If there is no special method for including relative entities (ID properties) one can use .addIdProperty("key","value").

 PersonEntity alice = new PersonEntity.PersonEntityBuilder()
        .setId("#alice")
        .addProperty("name", "Alice")
        .addProperty("description", "One of hopefully many Contextual Entities")
        .build();
    PlaceEntity park = new PlaceEntity.PlaceEntityBuilder()
        .addContent(URI.create("http://sws.geonames.org/8152662/"))

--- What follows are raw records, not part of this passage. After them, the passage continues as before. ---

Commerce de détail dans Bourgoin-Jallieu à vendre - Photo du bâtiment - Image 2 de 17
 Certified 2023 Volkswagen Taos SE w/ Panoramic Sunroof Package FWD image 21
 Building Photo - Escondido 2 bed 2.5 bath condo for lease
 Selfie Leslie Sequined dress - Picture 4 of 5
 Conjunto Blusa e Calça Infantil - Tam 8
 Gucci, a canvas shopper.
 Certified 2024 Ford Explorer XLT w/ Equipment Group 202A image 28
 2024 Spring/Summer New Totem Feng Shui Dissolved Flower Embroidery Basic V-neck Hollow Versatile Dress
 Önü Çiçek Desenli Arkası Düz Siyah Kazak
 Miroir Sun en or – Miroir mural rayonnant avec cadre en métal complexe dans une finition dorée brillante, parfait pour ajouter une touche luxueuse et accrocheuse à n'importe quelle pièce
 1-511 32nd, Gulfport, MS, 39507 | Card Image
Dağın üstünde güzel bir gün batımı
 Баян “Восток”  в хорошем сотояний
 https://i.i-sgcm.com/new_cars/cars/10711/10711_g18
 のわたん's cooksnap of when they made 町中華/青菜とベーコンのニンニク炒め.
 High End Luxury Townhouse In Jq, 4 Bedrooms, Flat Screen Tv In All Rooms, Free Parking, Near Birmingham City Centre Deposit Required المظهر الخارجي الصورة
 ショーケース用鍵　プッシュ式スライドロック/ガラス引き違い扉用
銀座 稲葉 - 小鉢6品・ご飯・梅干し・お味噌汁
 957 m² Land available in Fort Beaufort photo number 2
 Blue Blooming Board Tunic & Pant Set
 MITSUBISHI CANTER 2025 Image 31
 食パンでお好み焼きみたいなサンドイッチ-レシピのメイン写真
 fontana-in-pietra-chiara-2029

        .addProperty("name", "Catalina Park")
        .build();

    RoCrate crate = new RoCrate.RoCrateBuilder("Example RO-Crate", "The RO-Crate Root Data Entity", "2020", "https://spdx.org/licenses/CC-BY-NC-SA-4.0")
        .addContextualEntity(park)
        .addContextualEntity(alice)
        .addDataEntity(
            new FileEntity.FileEntityBuilder()
                .addContent(Paths.get("......."), "data2.txt")
                .build()
        )
        .addDataEntity(
            new FileEntity.FileEntityBuilder()
                .addContent(Paths.get("......."), "data1.txt")
                .addProperty("description", "One of hopefully many Data Entities")
                .addAuthor(alice.getId())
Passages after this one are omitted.